Rather foolishly, I decided to take the fight to the Anglo Danes, although I tried to pull them out of position by attacking along the flanks. I underestimated just how effective levy slingers could be against mounted troops. Within a couple of turns, I had been badly mauled, losing hearth-guard to mere sling armed levy. The Anglo Danes were solid and were able to keep their defensive shape and resist any attempt to isolate a unit or charge it down. At this point, I realised that my own bow armed levy had the ability to double their range and that by using some of the other saga abilities on the board it could have been my archers that were whittling down the Anglo Dane army whilst they slogged across the table to me. Of course the other ability was that the Norman hearth guard could have been shielded behind the crossbow men and archers ready to charge through them at the right moment. This at least would have given me the initiative in combat. In the event, though, I was goaded into charging the very solid Anglo Dane line and it was again my misfortune to be on the wrong end of a beating! The Anglo Danes had a well prepared battle board and what ever small success I enjoyed was quickly punished by a fierce counter attack. My warlord was eventually pinned and over come by the Dane Axe wielding enemy hearth guard. Once again, I was nearly wiped out to a man but I did manage to score 9 points, a better haul than my previous two games.

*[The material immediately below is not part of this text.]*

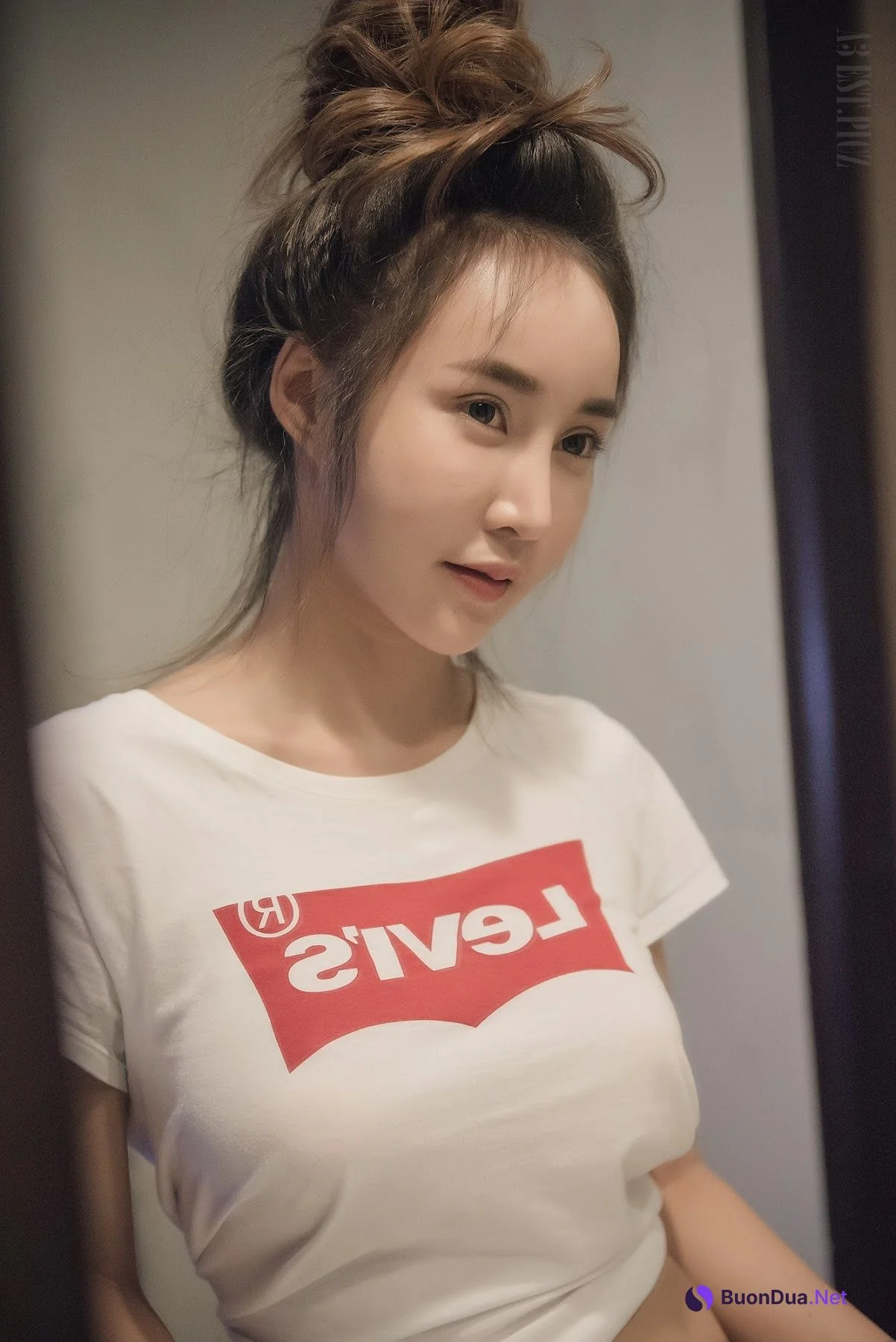 อะ – เกิน P5 - 照片 20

Unsurprisingly, I had accrued the least number of points on the day with the exception of one other player, Jon, who also had a total of 31 points as well. The winner, Andy, had 80 points so that will give you some idea as to how far behind the pack I had fallen. If this all sounds like a bit of a disaster, it wasn’t by any means. I had had a great day and whilst I had been on the end of three thrashings, the games were all very enjoyable and I had learnt a tremendous amount about the game of saga. I know have a basic working knowledge of six armies that I had never even considered using and I had been given a masterclass in how to use the battleboard to maximise an armies ability. Furthermore playing against four new opponents had given me a far greater insight into the way in which a Saga army could be deployed and used. Up until the day, I had always discounted levy as being a waste of points, particularly as they do not generate saga dice. I now know differently!
I am confident that should I get the opportunity to play in another such tournament, I would improve not only my points haul but also the way in which I manage my army. I think that I will be a much improved player! I guess the final thought is that if you play like General Custer: carry out insufficient recon; underestimate your enemy; split your forces; fail to capitalize on your strengths and charge in like a bull at a gate, you will get massacred!